# Die but do



## Tarentius

Hi guys, need help translating "die but do" into Latin, thanks .


----------



## Cagey

Hello, Tarentius.  

Please explain in other words youf underlying idea. 
A direct translation from English into Latin is not likely to produce the alliteration you want, and may not make sense.


----------



## Tarentius

In very simple terms, it means "you may/will die but you must do it", you must accomplish the objective even if you are going to end up dead.

It is intended as a military motto, somewhat similar to the motto "do or die". "Die but do" originated from Stalin's "Die, but do not retreat" which was then shorten to "Die but do it" which finally evolved into today's "Die but do", allegedly as the motto of a Russian Spetsnaz (special forces) unit.


----------



## Scholiast

saluete amici!

As Cagey remarks, preserving the alliteration is not easy (but, I am moved to wonder, is it there in the Russian original?
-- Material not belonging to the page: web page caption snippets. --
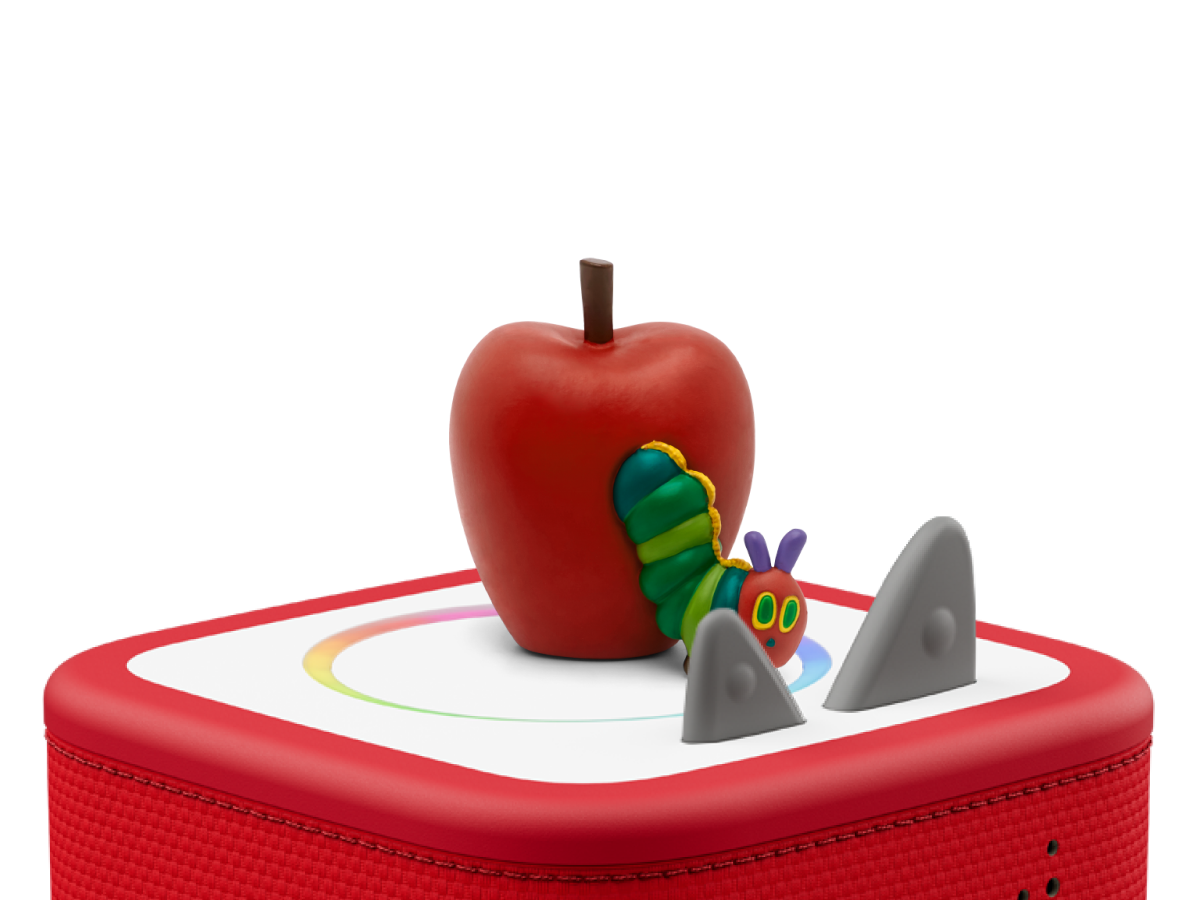 The Very Hungry Caterpillar & Friends Tonie on a red Toniebox 2 ready to play audio stories and songs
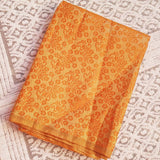 Olive Color Handloom Metallic Linen Saree with Orange Banarasi Patch Border - NawabiLehaja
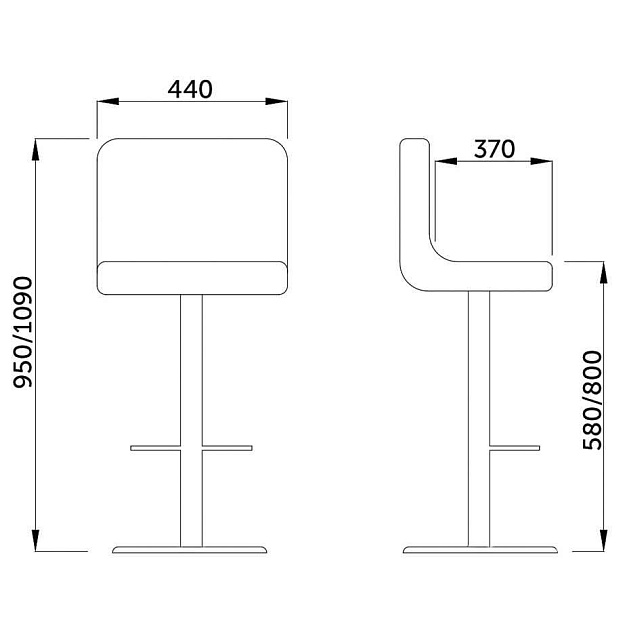 Барный стул AksHome Logos черный, экокожа 27633 Фото № 2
I doubt whether the Spetsnaz will have a website for consultation).

For a direct translation, _morere sed fac_, or _morere sed gere_.

Σ


----------



## Grugno

May I suggest "Cadas, dum non decedas." ? It saves a sort of sound effect.


----------



## Scholiast

saluete iterum!

How about _peri, sed perfice_?

(Literally, "Perish, but achieve/perform"). This might answer to Cagey's misgivings about the alliteration.

Σ


----------



## bearded

Hello
There is a Latin motto _Age quod agis _(accomplish what you are doing). It is not a faithful translation, and there is no death connotation, but the meaning is similar and - yes - it preserves a sort of alliteration.


----------